Designing environmentally friendly ships and converting existing vessels requires a major multidisciplinary approach, involving the extensive expertise of naval architects, designers, engineers, vessel operators, equipment suppliers, and other stakeholders.
It seems everything is on the table when it comes to green ship design, including fuel efficiency, emissions reduction, and the use of sustainable materials. The common thread is the goal of reaching net-zero vessel operations by 2050 woven by international bodies such as DNV Maritime’s Carbon Intensity Indicator (CII) rating system and the International Maritime Organization.
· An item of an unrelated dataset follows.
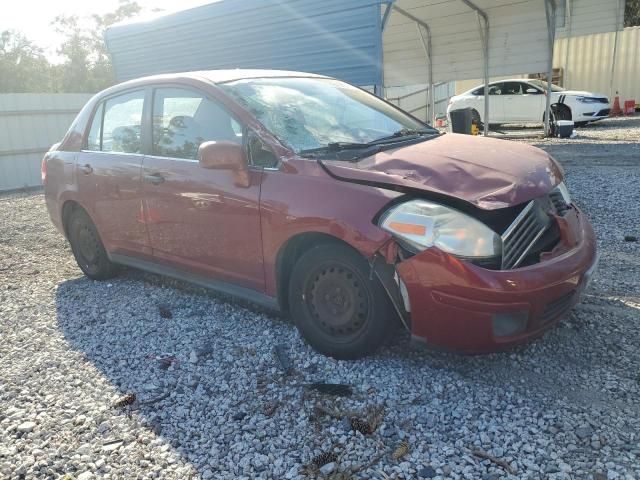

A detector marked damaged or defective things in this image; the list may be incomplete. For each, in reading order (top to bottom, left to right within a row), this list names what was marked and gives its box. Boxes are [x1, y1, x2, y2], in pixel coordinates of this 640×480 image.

crumpled hood [322, 134, 564, 211]
damaged front end [368, 185, 596, 352]
broken bumper [398, 206, 596, 352]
The CII measures a ship’s energy efficiency and is given in grams of CO2 emitted per cargo-carrying capacity and nautical mile.
According to DNV Maritime, the first year of the attained annual operational CII verification is 2024 for vessel operations in calendar year 2023. Based on their performance, vessels will be graded with an environmental rating of A for ‘major superior,’ B for ‘minor superior,’ C for ‘moderate,’ D for ‘minor inferior,’ or E for ‘inferior performance’ levels. The rating thresholds will become increasingly stringent through 2030.
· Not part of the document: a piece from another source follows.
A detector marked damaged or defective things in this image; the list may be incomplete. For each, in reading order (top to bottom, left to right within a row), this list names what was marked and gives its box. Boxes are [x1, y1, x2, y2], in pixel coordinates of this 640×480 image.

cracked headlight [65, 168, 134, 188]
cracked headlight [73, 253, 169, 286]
During a vessel’s design phase, naval architects and designers collaborate with various stakeholders, including shipowners, operators, and regulatory bodies ensuring that the final design meets the specific needs and requirements of the vessel owner/operator.
Global shipping currently accounts for nearly 3 percent of total global greenhouse gas emissions with the IMO instituting increasingly strict regulations on emissions for both new-builds and those vessels already in service.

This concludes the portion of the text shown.